Dynamic function generation at runtime with Code.eval_... very slow

hansonkd · October 10, 2018, 6:24pm

Hi.

I am making a library for user submitted templates (so users can customize email content). I have a parser which parses the template to an AST, and now I am implementing evaluating the template. My first pass was to interpret the template, going over the AST every time it renders, then my second pass was to build an anonymous function from the AST (so it is recursive anonymous functions for the different branches of the AST), now on my 3rd pass, I am building up an Elixir AST which in turn evaluates to a function.

My code uses quoted expressions, but it is easier to show the problem using strings:

with this string:

{compiledB, _} =
    Code.eval_string("""
        fn vars ->
          %{"my_var" => userVar_0} = vars
          [["(", to_string(userVar_0), ":", to_string(userVar_0), ")"]]
        end
        """)
Benchmark.measure(fn ->
        %{"my_var" => 20}
        |> compiledB.()
        |> IO.iodata_to_binary
end)

Where Benchmark.measure calls the function 1000 times takes 0.025493 seconds, which is slower then interpreting it.

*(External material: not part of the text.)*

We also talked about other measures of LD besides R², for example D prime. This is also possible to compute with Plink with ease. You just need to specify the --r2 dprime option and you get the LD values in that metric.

If I change it to do this:

Code.compile_string("""
    defmodule A do
        def render(vars) do
          %{"my_var" => userVar_0} = vars
          [["(", to_string(userVar_0), ":", to_string(userVar_0), ")"]]
        end
    end
    """)
Benchmark.measure(fn ->
        %{"my_var" => 20}
        |> A.render()
        |> IO.iodata_to_binary
end)

Running this 1000 times takes 4.37e-4 seconds

I like eval_string, since it returns an anonymous function right away and the function is isolated from the rest of the execution environment. Using the compile option, I can’t compile it into an anonymous function, only a module, which then gets put into the Elixir environment so I would have to make sure Module names are unique (but not too unique so I don’t run out of atoms). I would also need to purge manually any templates that aren’t used anymore, whereas with eval_string, I assume the garbage collector would handle cleaning them up automatically.

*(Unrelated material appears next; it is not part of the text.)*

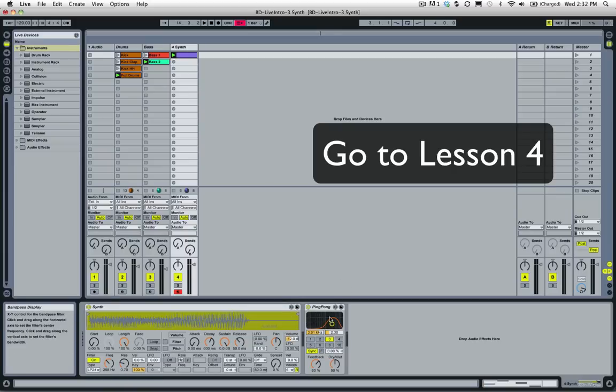To go to the next lesson, lesson number four, just click on this window up here or navigate to it on the right-hand side of the YouTube player.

Why is eval_string several orders of magnitude slower? Is using compile_string and then keeping track of module names and purging them when no longer needed the way to go?

Thanks!

dom · October 11, 2018, 12:10am

Are you running these benchmarks directly in IEx?

https://hexdocs.pm/iex/IEx.html#module-expressions-in-iex

mgwidmann · October 11, 2018, 4:03am

Not sure I understand why plain macros won’t do what you need. Macros don’t have any runtime performance penalty since its just compile time expansion into the code you would have written if you did it without a macro. Why do you need to generate any code at runtime, no doubt its slow. Are you receiving these templates at runtime? If so you shouldn’t be passing them into eval as this is super dangerous (string or quoted expression) and if not you should be using macros.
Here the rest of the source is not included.